The Illinois Herald was the first newspaper published in the Illinois Territory and a key voice in pushing for statehood. Although it was based in the territorial capital at Kaskaskia from May 1814 to April 1816, only this December 13, 1814, issue survives.
Even a piece of bone adapted for use as a tool is an opportunity for artistic expression. In this case, an arrow straightener, made from a bison’s rib bone, serves as a tiny canvas. It was found at the Kaskaskia Village site in Randolph County and collected in 1952.
This 1807 Spanish Reales (both obverse and reverse sides are shown) was worn as jewelry and found around the neck of a person buried in a Catholic cemetery near Kaskaskia. At the time he was buried, Kaskaskia was on the east side of the Mississippi River, but the river’s course was altered during major flooding in 1881, which destroyed most of the town and exposed the graves.

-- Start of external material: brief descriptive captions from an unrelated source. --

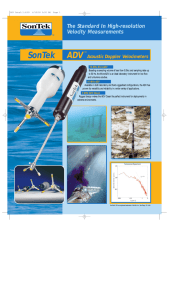 SonTek/YSI Acoustic Doppler Velocimeter (ADV) Brochure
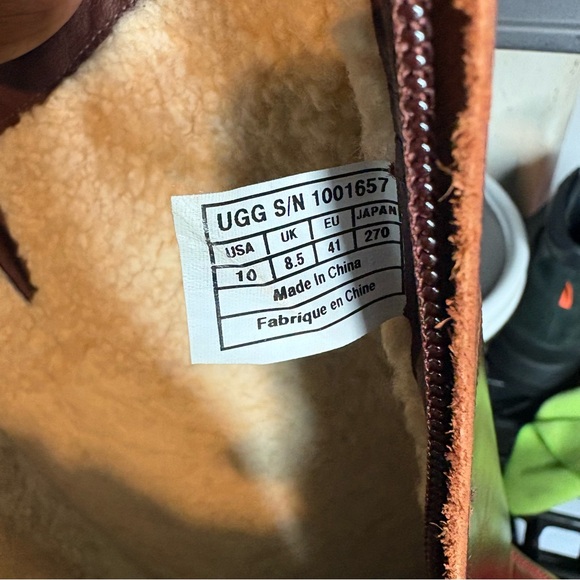 UGG Barolo Women's Brown Leather Women's Riding Boots - Picture 2 of 7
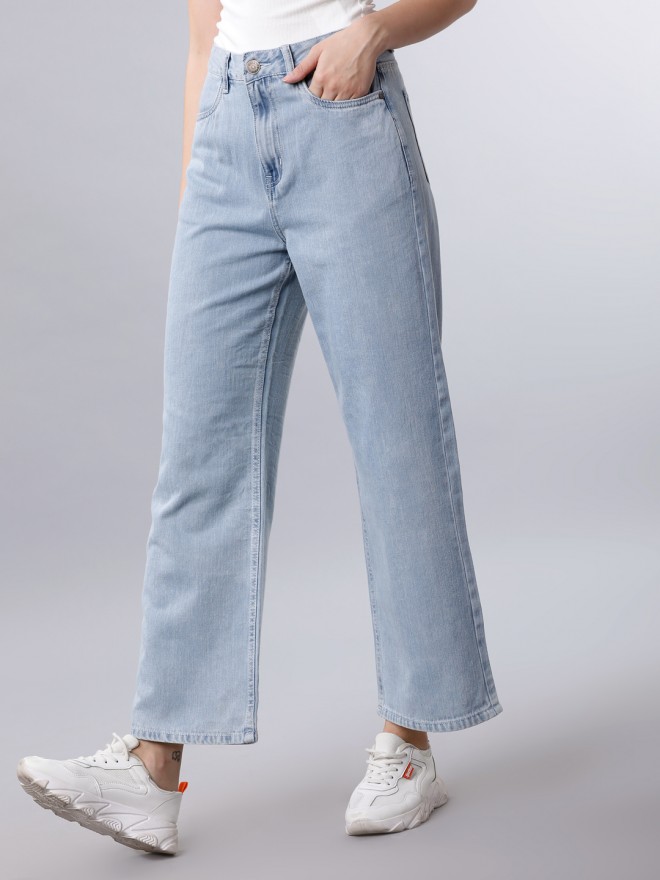 Buy Tokyo Talkies Blue Flared Non Stretchable Jeans for Women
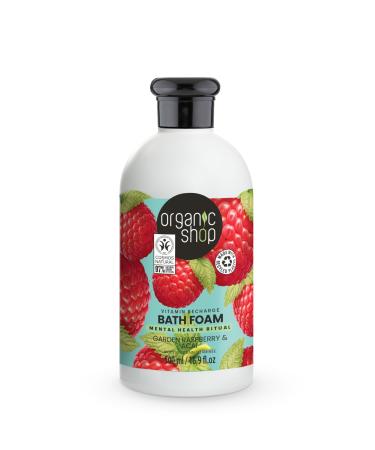 Organic Shop Vitamin Recharge Bath Foam Raspberry & Acai (500ml)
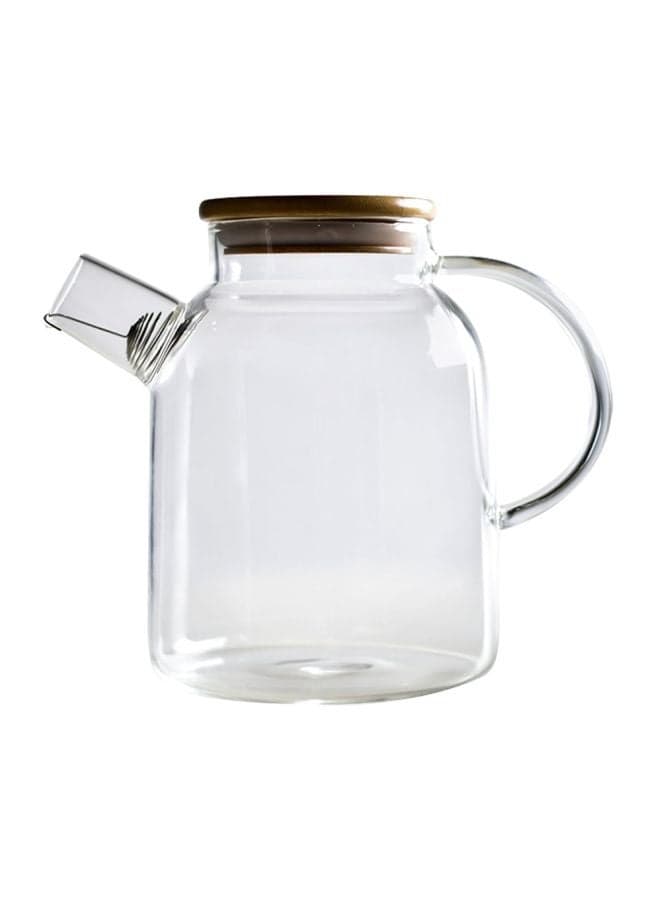 Minimalist Glass Teapot with Lid, Heat-Resistant Borosilicate Tea Kettle, Clear 13.5 x 6.8 x 18.5cm, Perfect for Loose Leaf & Flowering Tea ,Glass Teapot, Clear Tea Kettle, Borosilicate Teapot, Minimalist Tea Maker, Loose Leaf Tea Pot, Heat Resistant Glass Kettle, Small Glass Teapot, Tea Serving Pot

Settlers pouring into Illinois drove large carnivores like Black Bears, Cougars, and Wolves from Illinois by the mid to late 1800s. The skull of a Cougar (Puma concolor), pictured here with a replica created by 3D scanning and printing, was found dead in Randolph County in 2000 after it had been hit by a train. This was the first record of a Cougar confirmed in Illinois since the species was extirpated more than a century before. When an animal is no longer found in a particular state or region but persists elsewhere, it is considered extirpated but not extinct.